- Task details:
Please repeat the lines below exactly. Begin with the line containing "Halo Necklace White Sapphire & Gold" and go on through the line containing "2022 Ford Mustang".

[Records from a data source]

++++++++

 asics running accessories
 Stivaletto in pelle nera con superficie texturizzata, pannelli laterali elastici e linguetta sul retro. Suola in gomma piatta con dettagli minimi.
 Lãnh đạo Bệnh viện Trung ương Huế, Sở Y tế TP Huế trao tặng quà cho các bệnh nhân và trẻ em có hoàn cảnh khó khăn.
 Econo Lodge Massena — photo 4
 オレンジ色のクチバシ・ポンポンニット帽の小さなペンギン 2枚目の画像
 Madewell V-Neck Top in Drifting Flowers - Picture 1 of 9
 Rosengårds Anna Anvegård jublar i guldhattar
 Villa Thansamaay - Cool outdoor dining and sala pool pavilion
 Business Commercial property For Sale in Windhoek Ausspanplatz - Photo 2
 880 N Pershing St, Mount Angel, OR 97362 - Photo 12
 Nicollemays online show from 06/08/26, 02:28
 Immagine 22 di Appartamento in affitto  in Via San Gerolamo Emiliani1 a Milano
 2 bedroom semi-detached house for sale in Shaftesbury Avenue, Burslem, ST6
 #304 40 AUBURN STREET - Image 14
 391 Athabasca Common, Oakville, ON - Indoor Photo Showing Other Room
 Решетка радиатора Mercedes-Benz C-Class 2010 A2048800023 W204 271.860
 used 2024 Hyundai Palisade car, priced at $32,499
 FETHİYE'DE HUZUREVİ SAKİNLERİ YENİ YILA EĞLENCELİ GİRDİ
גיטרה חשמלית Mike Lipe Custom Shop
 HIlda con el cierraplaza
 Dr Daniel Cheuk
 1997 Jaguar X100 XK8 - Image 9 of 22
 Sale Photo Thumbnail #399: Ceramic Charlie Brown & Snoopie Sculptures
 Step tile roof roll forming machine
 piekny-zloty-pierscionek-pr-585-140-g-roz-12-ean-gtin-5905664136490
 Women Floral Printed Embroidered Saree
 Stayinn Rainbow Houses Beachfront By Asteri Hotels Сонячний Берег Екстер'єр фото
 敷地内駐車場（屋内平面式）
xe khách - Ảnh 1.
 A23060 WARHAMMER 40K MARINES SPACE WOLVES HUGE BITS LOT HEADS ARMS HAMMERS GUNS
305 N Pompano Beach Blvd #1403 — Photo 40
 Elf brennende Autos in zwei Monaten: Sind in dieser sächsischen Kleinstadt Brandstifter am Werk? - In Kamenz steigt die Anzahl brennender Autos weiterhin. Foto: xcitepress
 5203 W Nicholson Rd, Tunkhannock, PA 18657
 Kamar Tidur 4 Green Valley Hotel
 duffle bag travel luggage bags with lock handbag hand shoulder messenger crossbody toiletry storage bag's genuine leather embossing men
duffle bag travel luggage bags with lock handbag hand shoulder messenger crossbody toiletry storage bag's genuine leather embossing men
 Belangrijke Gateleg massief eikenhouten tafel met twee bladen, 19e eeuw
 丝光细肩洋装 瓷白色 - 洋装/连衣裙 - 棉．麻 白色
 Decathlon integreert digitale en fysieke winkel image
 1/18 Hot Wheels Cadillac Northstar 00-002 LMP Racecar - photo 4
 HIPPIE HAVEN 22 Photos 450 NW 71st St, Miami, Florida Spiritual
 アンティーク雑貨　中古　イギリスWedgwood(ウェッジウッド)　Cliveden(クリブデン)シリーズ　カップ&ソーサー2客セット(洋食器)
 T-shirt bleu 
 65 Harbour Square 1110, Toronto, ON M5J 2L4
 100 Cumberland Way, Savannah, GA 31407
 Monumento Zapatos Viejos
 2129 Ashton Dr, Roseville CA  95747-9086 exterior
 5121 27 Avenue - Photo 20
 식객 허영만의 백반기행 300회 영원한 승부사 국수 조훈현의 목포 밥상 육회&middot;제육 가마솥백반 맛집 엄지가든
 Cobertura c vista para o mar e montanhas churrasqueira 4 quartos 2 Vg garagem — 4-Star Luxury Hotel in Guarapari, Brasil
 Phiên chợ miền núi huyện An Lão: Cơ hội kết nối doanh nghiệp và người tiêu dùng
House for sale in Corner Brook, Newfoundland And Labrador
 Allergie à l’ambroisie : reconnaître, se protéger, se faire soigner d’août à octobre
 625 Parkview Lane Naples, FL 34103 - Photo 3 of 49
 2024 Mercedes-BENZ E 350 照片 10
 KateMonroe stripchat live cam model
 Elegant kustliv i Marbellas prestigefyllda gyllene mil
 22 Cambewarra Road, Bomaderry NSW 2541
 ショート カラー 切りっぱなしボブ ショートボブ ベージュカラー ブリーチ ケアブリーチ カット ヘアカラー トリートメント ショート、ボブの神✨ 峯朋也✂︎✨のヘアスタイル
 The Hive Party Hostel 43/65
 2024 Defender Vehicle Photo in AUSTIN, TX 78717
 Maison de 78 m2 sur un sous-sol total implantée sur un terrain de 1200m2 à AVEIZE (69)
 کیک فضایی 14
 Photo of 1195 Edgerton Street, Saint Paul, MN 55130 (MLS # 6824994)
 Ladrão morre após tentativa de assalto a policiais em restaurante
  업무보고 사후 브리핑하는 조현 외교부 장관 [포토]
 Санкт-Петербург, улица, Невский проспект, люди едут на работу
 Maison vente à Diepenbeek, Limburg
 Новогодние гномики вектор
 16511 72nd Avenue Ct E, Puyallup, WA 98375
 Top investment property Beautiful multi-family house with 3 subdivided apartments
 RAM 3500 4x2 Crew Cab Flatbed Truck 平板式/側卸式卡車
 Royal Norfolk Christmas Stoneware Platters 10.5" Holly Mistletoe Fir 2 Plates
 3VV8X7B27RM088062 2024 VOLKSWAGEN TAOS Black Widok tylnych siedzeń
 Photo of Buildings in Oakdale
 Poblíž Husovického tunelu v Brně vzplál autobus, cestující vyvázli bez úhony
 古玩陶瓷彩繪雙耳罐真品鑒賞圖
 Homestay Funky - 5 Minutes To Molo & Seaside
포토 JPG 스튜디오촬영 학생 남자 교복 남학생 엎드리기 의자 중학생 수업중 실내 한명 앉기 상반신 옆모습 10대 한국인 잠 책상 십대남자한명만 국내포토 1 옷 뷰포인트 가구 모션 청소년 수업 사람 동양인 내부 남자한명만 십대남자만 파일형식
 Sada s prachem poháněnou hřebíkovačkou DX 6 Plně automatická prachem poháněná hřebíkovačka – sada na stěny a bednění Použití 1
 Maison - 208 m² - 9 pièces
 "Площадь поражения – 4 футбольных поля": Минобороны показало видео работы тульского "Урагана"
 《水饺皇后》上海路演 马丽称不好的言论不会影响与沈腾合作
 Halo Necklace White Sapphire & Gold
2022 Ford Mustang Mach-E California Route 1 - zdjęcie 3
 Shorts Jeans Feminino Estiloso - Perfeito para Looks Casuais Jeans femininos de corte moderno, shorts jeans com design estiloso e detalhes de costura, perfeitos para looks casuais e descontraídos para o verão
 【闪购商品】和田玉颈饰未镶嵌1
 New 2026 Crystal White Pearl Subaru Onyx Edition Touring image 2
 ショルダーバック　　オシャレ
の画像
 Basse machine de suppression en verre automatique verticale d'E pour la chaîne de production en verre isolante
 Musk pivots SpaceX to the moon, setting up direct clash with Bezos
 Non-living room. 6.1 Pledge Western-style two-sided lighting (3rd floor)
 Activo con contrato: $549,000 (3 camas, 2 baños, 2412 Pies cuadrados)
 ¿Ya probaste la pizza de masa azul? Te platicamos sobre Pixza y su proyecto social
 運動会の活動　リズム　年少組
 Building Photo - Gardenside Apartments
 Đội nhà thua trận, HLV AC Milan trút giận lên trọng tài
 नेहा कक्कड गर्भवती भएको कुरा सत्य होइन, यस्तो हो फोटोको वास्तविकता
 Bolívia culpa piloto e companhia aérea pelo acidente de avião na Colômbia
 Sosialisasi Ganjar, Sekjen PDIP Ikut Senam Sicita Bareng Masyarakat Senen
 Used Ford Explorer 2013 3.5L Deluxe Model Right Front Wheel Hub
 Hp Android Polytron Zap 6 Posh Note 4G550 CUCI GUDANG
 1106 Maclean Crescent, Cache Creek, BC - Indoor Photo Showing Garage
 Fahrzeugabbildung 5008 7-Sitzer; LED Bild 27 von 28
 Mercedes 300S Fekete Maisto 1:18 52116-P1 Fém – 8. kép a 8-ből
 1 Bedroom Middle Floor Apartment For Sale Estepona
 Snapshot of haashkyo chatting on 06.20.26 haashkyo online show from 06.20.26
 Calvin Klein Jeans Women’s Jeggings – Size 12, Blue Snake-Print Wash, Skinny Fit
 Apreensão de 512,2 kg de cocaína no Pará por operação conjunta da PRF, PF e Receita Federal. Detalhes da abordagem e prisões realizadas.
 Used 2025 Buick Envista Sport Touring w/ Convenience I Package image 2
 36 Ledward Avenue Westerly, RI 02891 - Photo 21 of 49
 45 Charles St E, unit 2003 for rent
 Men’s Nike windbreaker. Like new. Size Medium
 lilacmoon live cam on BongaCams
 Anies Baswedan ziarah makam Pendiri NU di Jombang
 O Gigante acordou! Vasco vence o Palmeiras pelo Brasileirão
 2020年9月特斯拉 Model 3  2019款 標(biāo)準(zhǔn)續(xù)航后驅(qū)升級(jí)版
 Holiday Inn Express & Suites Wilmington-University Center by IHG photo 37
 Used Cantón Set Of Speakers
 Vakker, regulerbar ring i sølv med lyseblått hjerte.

++++++++

- Solution for this problem:
 Halo Necklace White Sapphire & Gold
2022 Ford Mustang Mach-E California Route 1 - zdjęcie 3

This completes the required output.